The Scappaticcio family, headed by Constantino and Teresa, came to the UK from their home in St Antonino near Cassino in the late 19th Century having reputedly walked across Europe to escape the famine in Italy.

They spent a number of years raising a family in Windsor, where in 1893 their son Dominic was born, before settling in Edinburgh at the start of the 20th Century, initially living in the Grassmarket area before settling in Leith. Tolina was born in Constitution Street in 1914, the last of 10 surviving children.

In common with many Italians coming to Scotland, the family would later go into catering, running chip shops and cafes, and beginning a long association with the Ice Cream industry that continues to this day. Elder brother Luca, in 1908, saved on signwriting and aided pronunciation by switching his fore and surnames to create the popular S. Luca’s ice cream brand, beginning with the still thriving Musselburgh shop and café.
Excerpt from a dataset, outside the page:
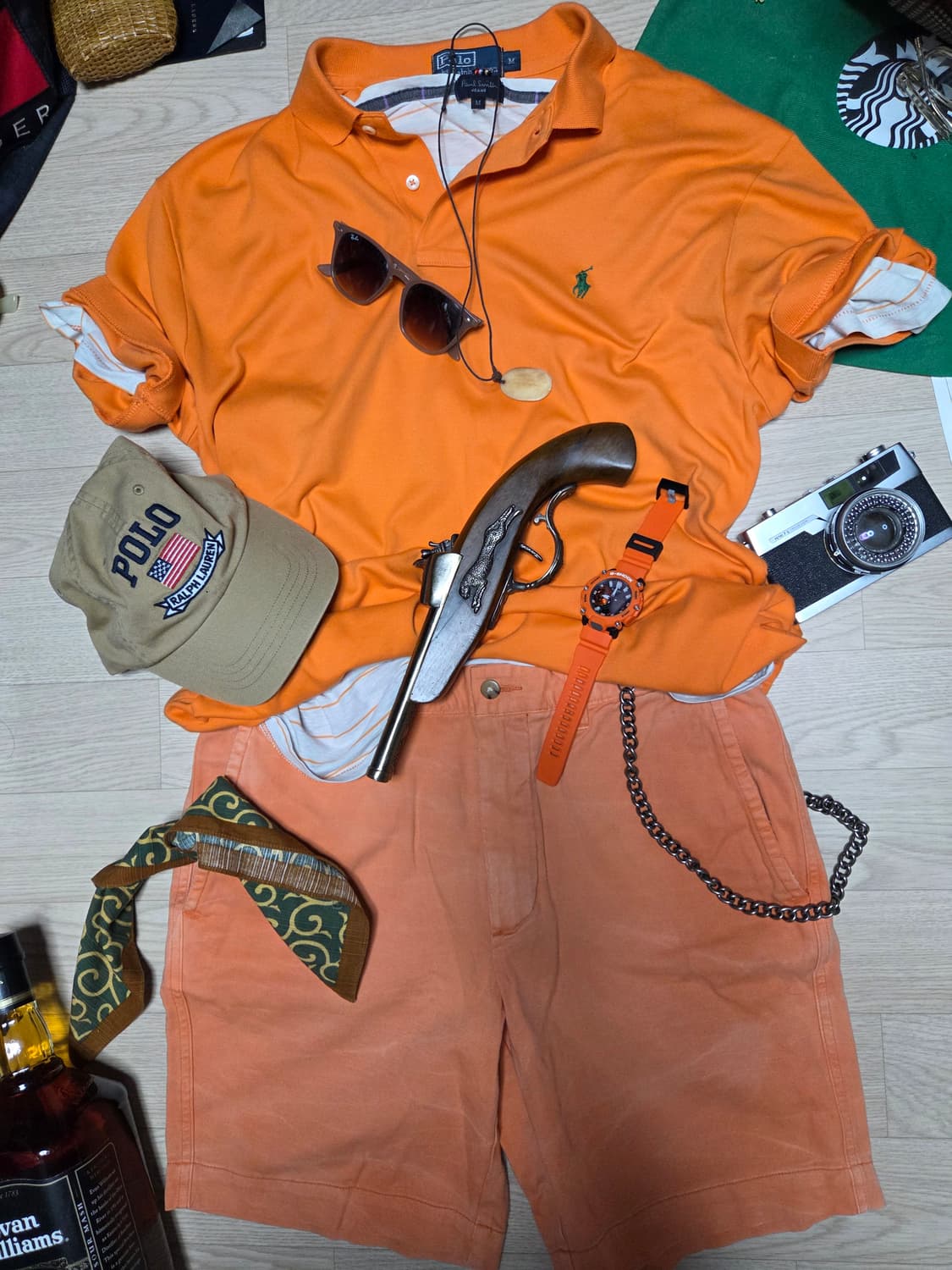 POLO RALPH LAUREN 반팔 카라티 티셔츠 주황 그린 상품이미지3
Sicilian Salvatore Milazzo came to the UK as a prisoner of war, having been captured in Libya in 1941. Originally Held in Bangalore, India, he was brought to Edinburgh’s Duddingston camp in March 1943, transferring to Dalmahoy on the outskirts of town where he was held until March 1946. He became a well-known figure in the local area when, trusted to go out and collect supplies for the camp, he could often be seen cycling around town in his prison uniform. He and Tolina met during this period, marrying in Sicily in 1946. Talented amateur photographer Dominic travelled through Europe with his younger sister and her new husband, documenting their trip back to war-ravaged Cassino. His striking images would be rediscovered and presented to a new audience more than 30 years after his death.

Part 2

Tolina and Salvatore finally chose to settle back in Edinburgh in 1947, where they raised their four sons whilst building their own ice cream business – Samm’s Ices. Beginning with ice-cream bought in from Nu-Crème ices on the Southside and a van with such a low ceiling that it needed a hole in the floor to enable the server to stand up in it, Samm soon built up the business. He began producing his own ice cream – to Dominic Scappaticcio’s recipe – and opened his first factory in a now-demolished tenement building in Gordon Street, Leith, where his sons would join him in the business as they became old enough. He was, we believe, the first in Scotland to have a purpose-built ice-cream van, crafted in Bellshill over a period of months using the chassis of a taxi.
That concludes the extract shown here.